(Captioned web image data)
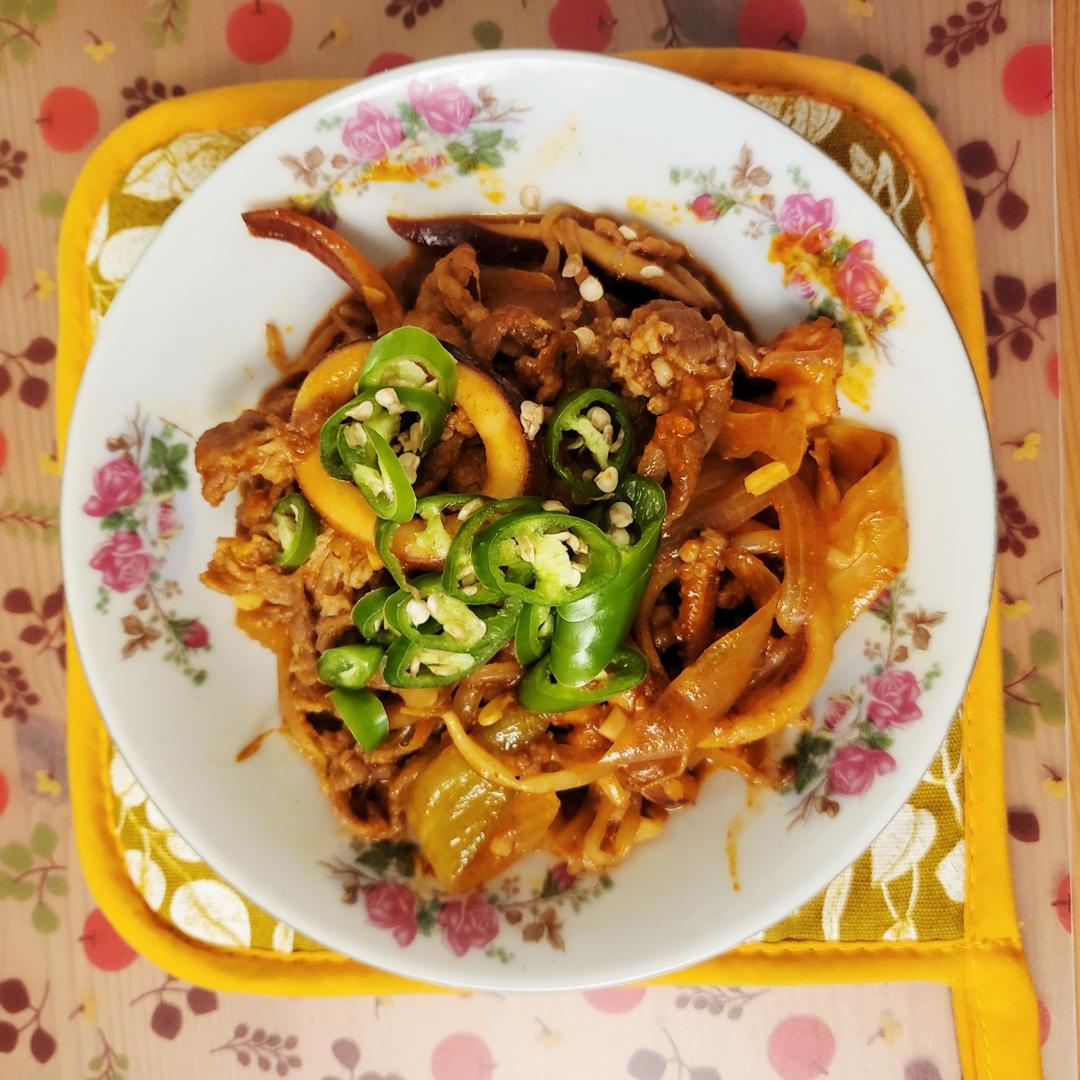 韩式辣炒五花肉鱿鱼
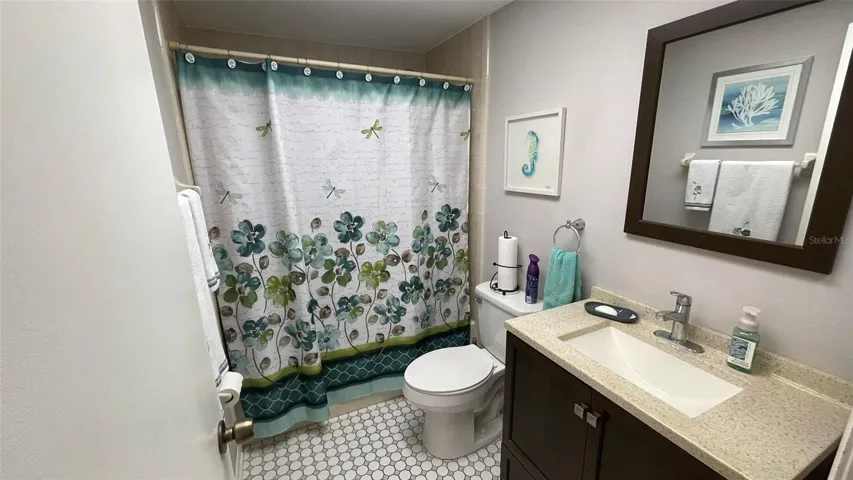 2nd bathroom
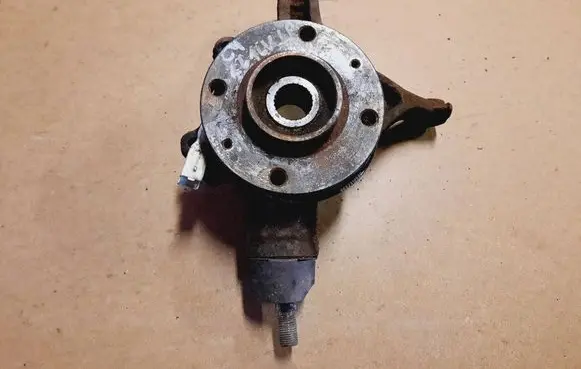 Citroen C4 I Front wheel hub spindle knuckle
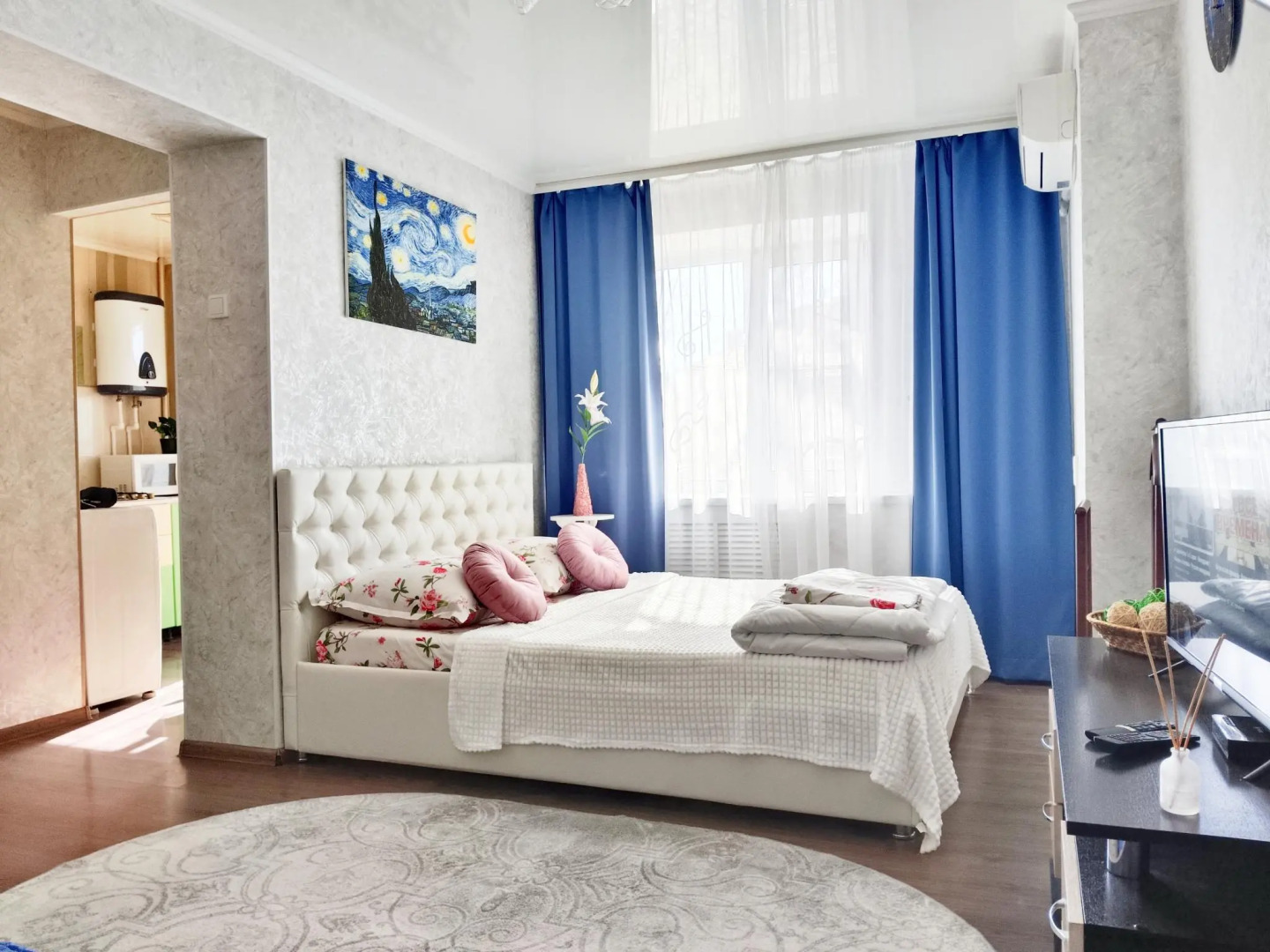 Апартаменты на улице Академика Королева 29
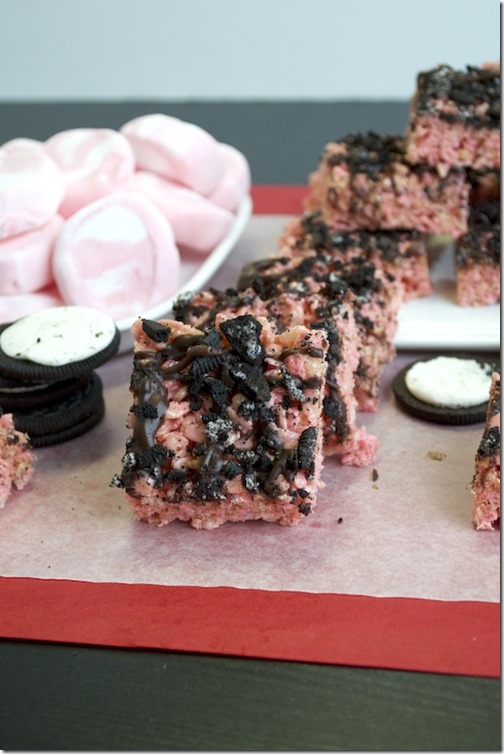 Crushed-Oreo-Peppermint-Rice-Krispies-E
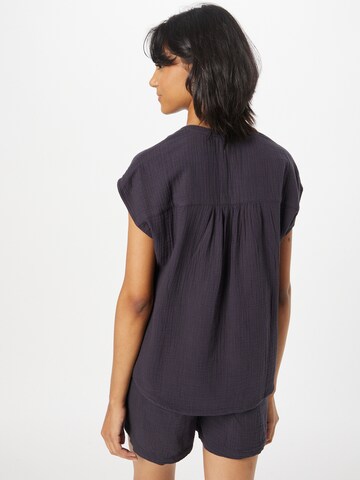 s.Oliver Blouse in Black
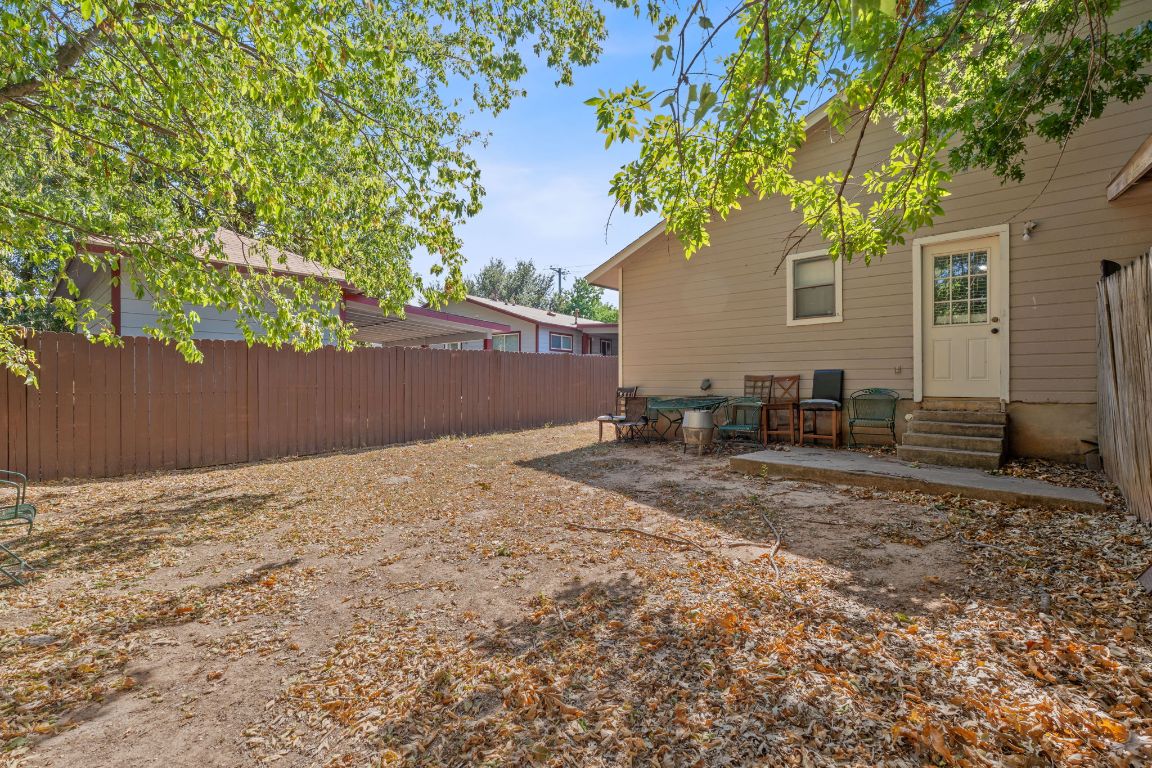 1105 Quail Valley Drive Georgetown, TX 78626 - Photo 37 of 38 a backyard of a house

(What to work on):
All lines from the one containing "2nd bathroom" to the last line of the data above, both included, should be printed exactly, and the pictures should not appear.

(Exercise response):
 2nd bathroom
 Citroen C4 I Front wheel hub spindle knuckle
 Апартаменты на улице Академика Королева 29
 Crushed-Oreo-Peppermint-Rice-Krispies-E
 s.Oliver Blouse in Black
 1105 Quail Valley Drive Georgetown, TX 78626 - Photo 37 of 38 a backyard of a house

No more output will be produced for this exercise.